Exercise brief:
Please print the line that holds "One thing about" and each line after it to the end of the data, word for word, without any pictures.

Raw data:
= = = = =
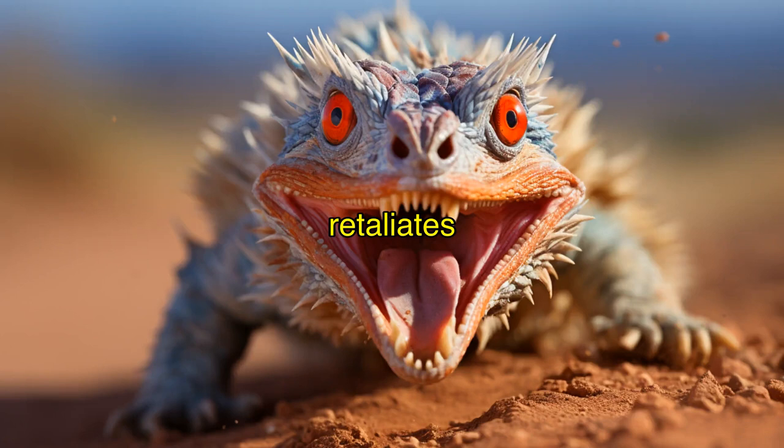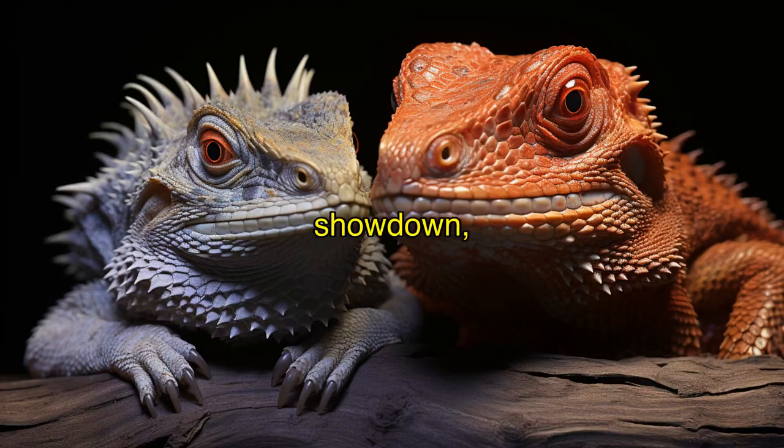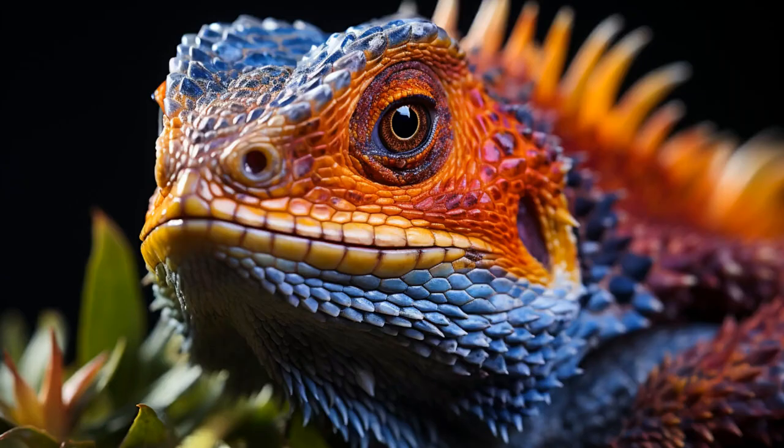The Painted Agama retaliates with its lightning speed, making it nearly impossible for the Bearded Dragon to catch. It's a nail-biting showdown, folks. In the end, both lizards show off their unique strengths, proving that beauty and power can come in different packages.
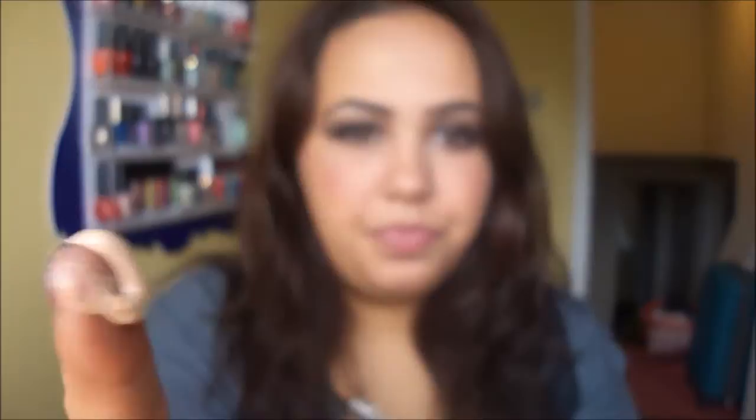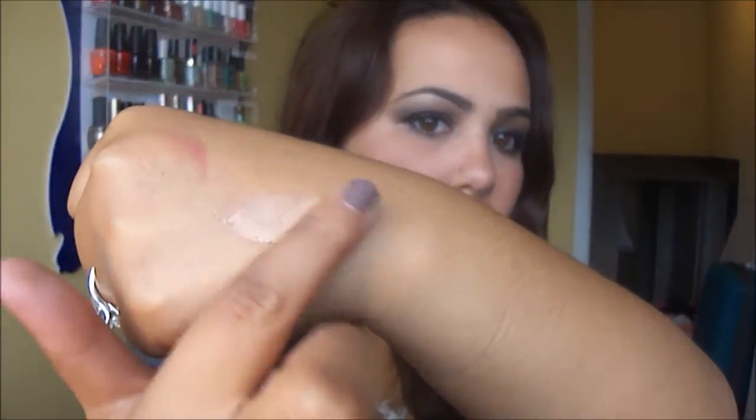One thing about BB creams — when I first gave them a shot I was a little taken aback. They are very watery in a sense. Not that they come out watery, as you can see from the texture here, but when you blend them they end up being very creamy yet very watery. I would say they are a little bit difficult to blend and very different from what I was used to.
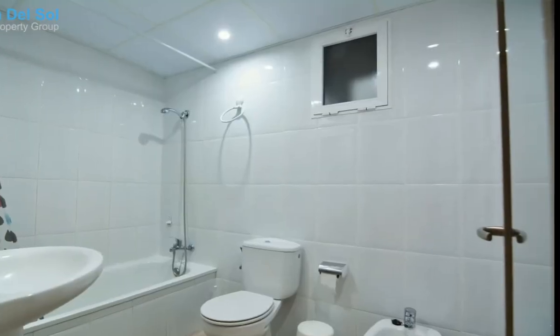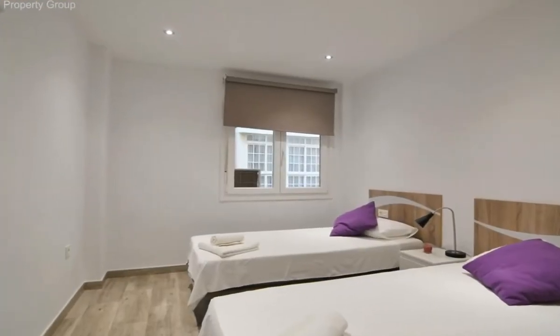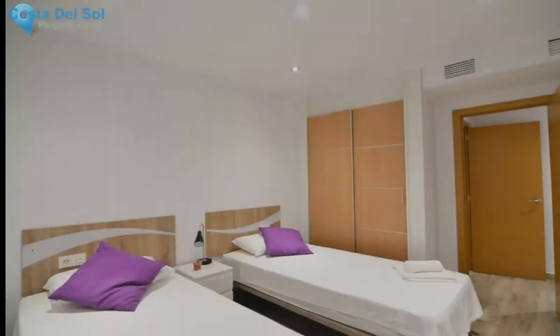If you are looking for a home ready to move into, this is your home. For more information and visits, do not hesitate to contact us to organize a visit without any commitment.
= = = = =
Written reply:
One thing about BB creams — when I first gave them a shot I was a little taken aback. They are very watery in a sense. Not that they come out watery, as you can see from the texture here, but when you blend them they end up being very creamy yet very watery. I would say they are a little bit difficult to blend and very different from what I was used to.
If you are looking for a home ready to move into, this is your home. For more information and visits, do not hesitate to contact us to organize a visit without any commitment.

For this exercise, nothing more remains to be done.